RECORDED DATA Start Marker

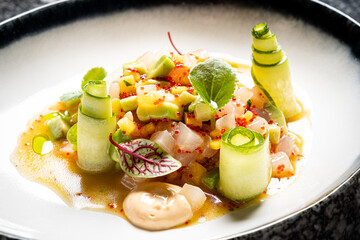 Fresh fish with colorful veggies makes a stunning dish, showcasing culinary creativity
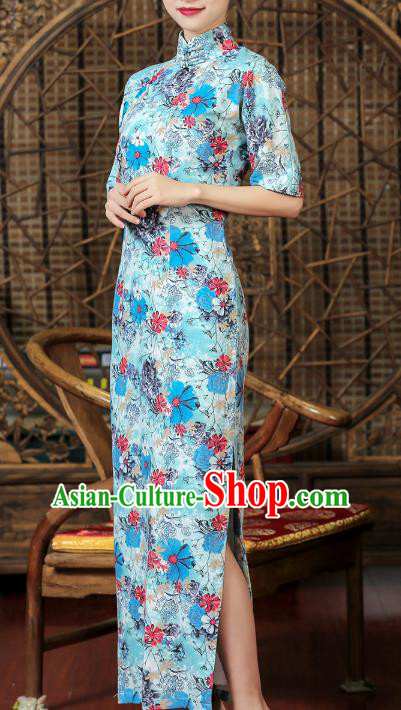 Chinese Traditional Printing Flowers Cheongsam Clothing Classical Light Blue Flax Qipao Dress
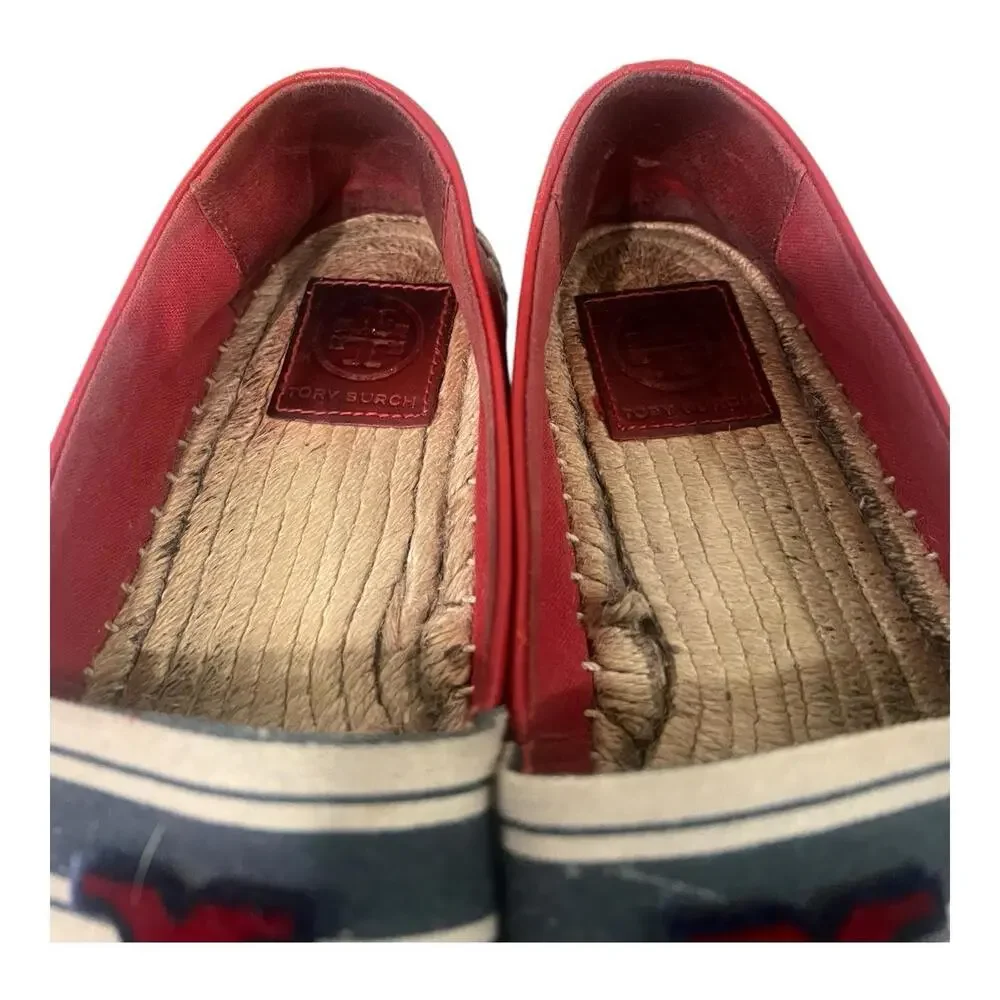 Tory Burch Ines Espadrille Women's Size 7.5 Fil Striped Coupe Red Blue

RECORDED DATA End Marker
RECORDED DATA Start Marker

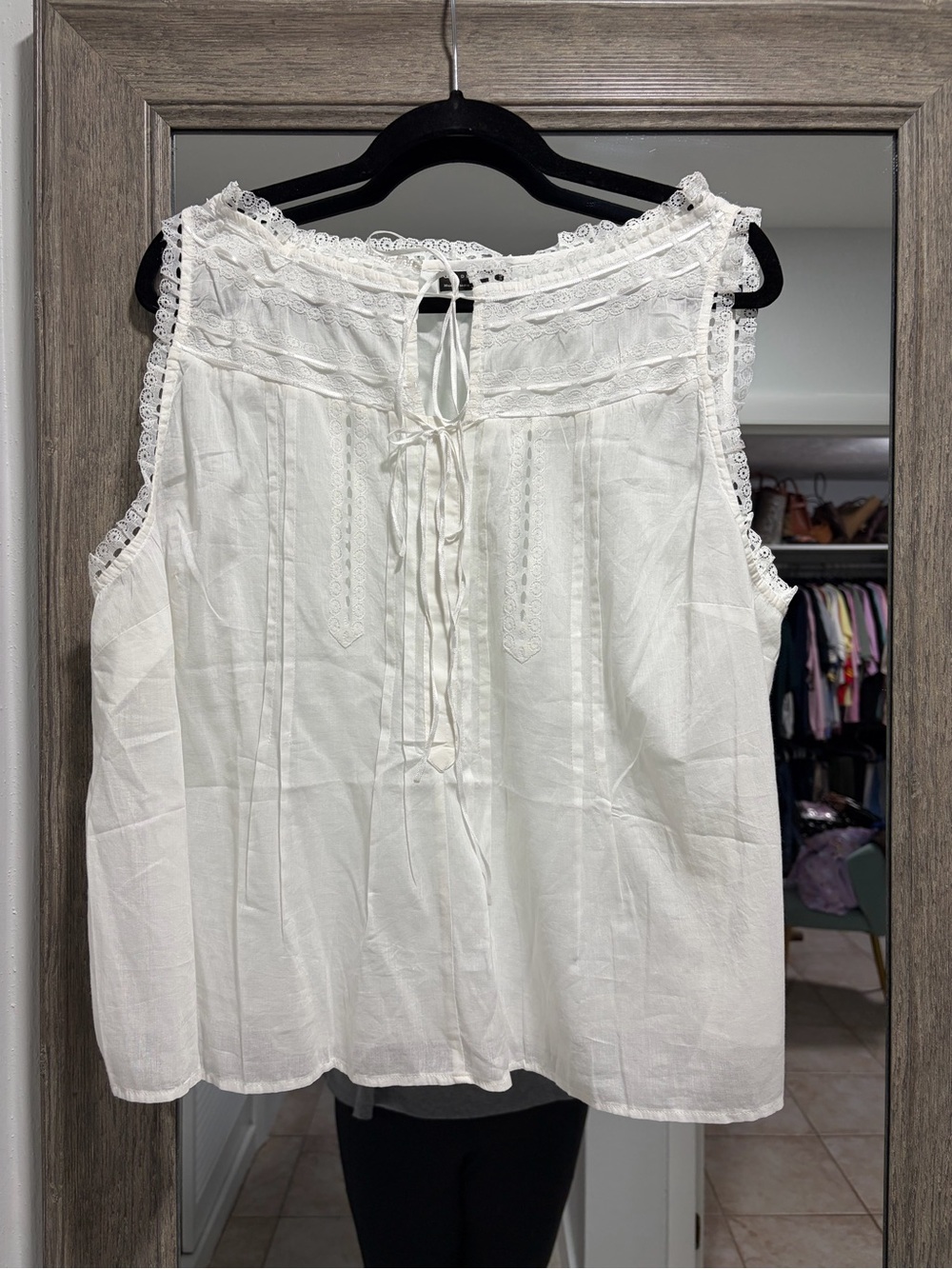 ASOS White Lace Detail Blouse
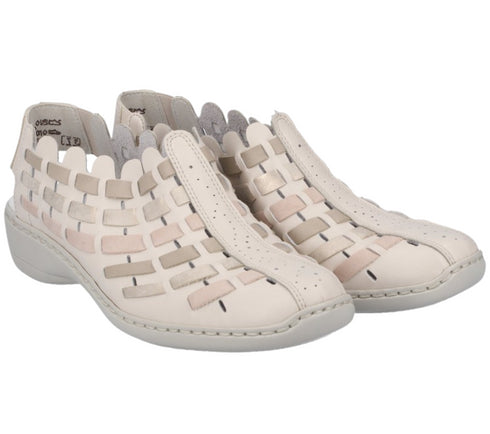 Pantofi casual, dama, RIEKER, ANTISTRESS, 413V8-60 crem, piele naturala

RECORDED DATA End Marker

Between and including the line above that contains "Fresh fish with" and the line that contains "Tory Burch Ines", restate every line word for word. Pictures stay out.

 Fresh fish with colorful veggies makes a stunning dish, showcasing culinary creativity
 Chinese Traditional Printing Flowers Cheongsam Clothing Classical Light Blue Flax Qipao Dress
 Tory Burch Ines Espadrille Women's Size 7.5 Fil Striped Coupe Red Blue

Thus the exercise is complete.